Note to user:
 - The following is a summary of findings using a small subset of faculty/researchers from the University of Cincinnati

First we discovered that Dimensions can store individuals under multiple Researcher IDs, making a little legwork necessary to verify they are all the same person

Additionally, the researchers in question can be stored in the database with different first names. By this I mean some may have a preferred name, a middle initial with their first name, or possibly even only their first initial

Another finding is that Dimensions is not immediate in logging publications to a given researcher ID, they have to verify it is the same person, and failing to do so leads to the existance of multiple IDs. This also means that some publications will not be found because we are searching for only UC affiliations and some of these temporary identities is missing the affiliation to UC. We can be confident that anything from before a year ago is logged with the appropriate affiliations. Following that, the next 6 months are less certain and anything recently published (around a month or two) will not be in the system at all.
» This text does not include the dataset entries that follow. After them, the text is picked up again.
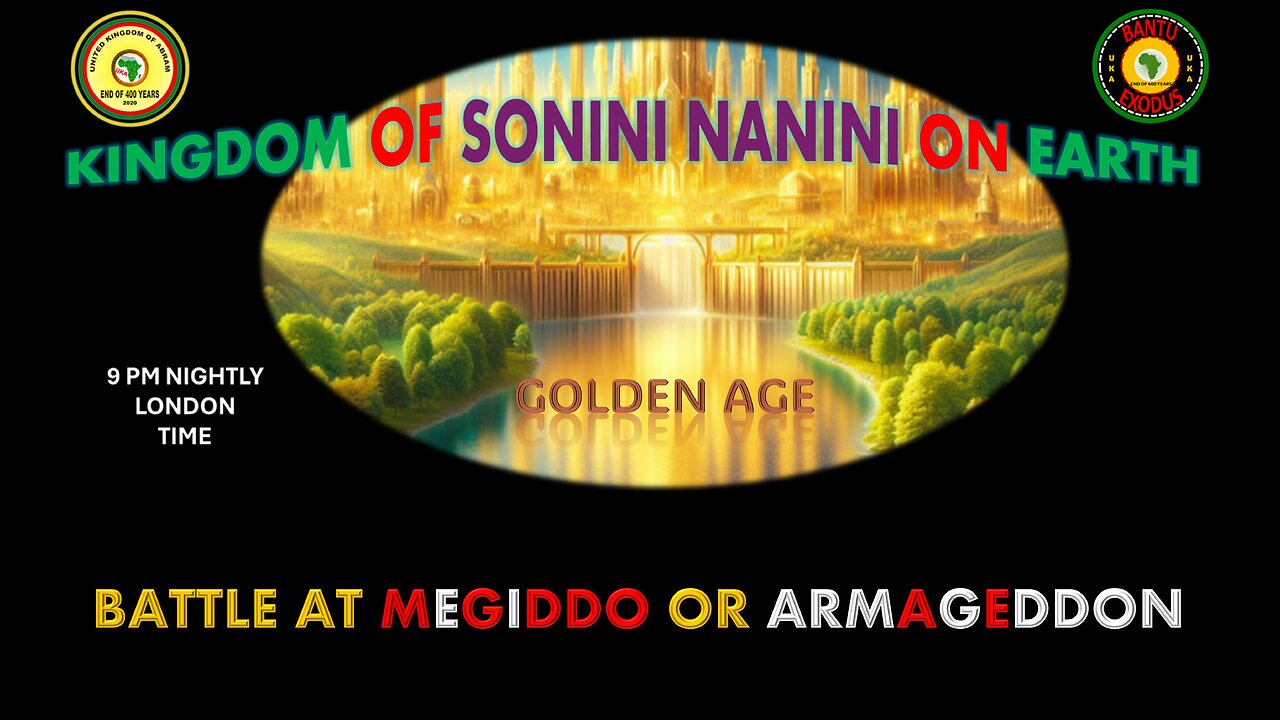 AFRICA IS THE HOLY LAND || KINGDOM OF SONINI NANINI ON EARTH || THE BATTLE AT MEGIDDO OR ARMAGEDDON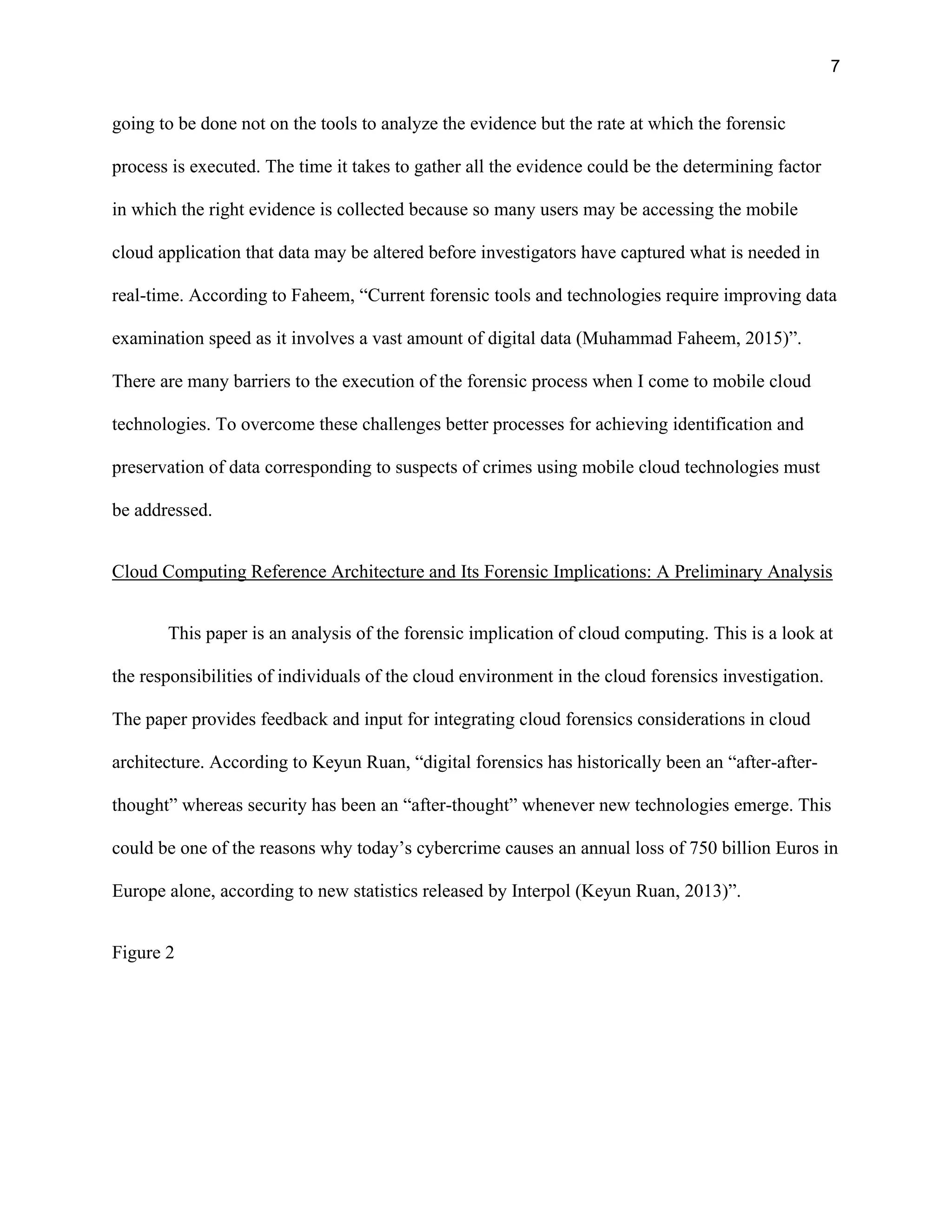 7
going to be done not on the tools to analyze the evidence but the rate at which the forensic
process is executed. The time it takes to gather all the evidence could be the determining factor
in which the right evidence is collected because so many users may be accessing the mobile
cloud application that data may be altered before investigators have captured what is needed in
real-time. According to Faheem, “Current forensic tools and technologies require improving data
examination speed as it involves a vast amount of digital data (Muhammad Faheem, 2015)”.
There are many barriers to the execution of the forensic process when I come to mobile cloud
technologies. To overcome these challenges better processes for achieving identification and
preservation of data corresponding to suspects of crimes using mobile cloud technologies must
be addressed.
Cloud Computing Reference Architecture and Its Forensic Implications: A Preliminary Analysis
This paper is an analysis of the forensic implication of cloud computing. This is a look at
the responsibilities of individuals of the cloud environment in the cloud forensics investigation.
The paper provides feedback and input for integrating cloud forensics considerations in cloud
architecture. According to Keyun Ruan, “digital forensics has historically been an “after-after-
thought” whereas security has been an “after-thought” whenever new technologies emerge. This
could be one of the reasons why today’s cybercrime causes an annual loss of 750 billion Euros in
Europe alone, according to new statistics released by Interpol (Keyun Ruan, 2013)”.
Figure 2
## Step 1: Set up the dimensions API and required imports and log in

Method 1:
- use input() to ask for the key for you to paste in each time

In [None]:
!pip install dimcli -U --quiet

import dimcli
from dimcli.utils import *
import json
import sys
import pandas as pd
import re
import numpy as np

print("==\nLogging in..")
# https://digital-science.github.io/dimcli/getting-started.html#authentication
ENDPOINT = "https://app.dimensions.ai"
if 'google.colab' in sys.modules:
  import getpass
  KEY = input("Input your API key for this session: ")
  dimcli.login(key=KEY, endpoint=ENDPOINT)
else:
  KEY = ""
  dimcli.login(key=KEY, endpoint=ENDPOINT)
dsl = dimcli.Dsl()

Method 2:
- save the key as a Secret directly to google Colab.

The Notebook will ask for permission to access it and once granted will use the saved value

To create a Secret, click the sideways key on the left side of the screen (its below {x} and above the folder icon)

Once there give your secret a name such as Dimension_API_Key or one of your choosing

Assign the value as your API key (dont add quotation marks)

With that, your key is now saved to your google account to be used whenever.

In [None]:
!pip install dimcli -U --quiet

import dimcli
from dimcli.utils import *
import json
import sys
import pandas as pd
import re
import numpy as np

print("==\nLogging in..")
from google.colab import userdata
dimcli.login(key=userdata.get('DimensionKey'), endpoint="https://app.dimensions.ai")
dsl = dimcli.Dsl()

First, install the dimcli package to interact with the Dimensions API.
- This command installs the `dimcli` package, which provides the necessary tools to interact with the Dimensions database. The `-U` flag ensures that you install or update to the latest version, and the `--quiet` flag suppresses unnecessary output during installation.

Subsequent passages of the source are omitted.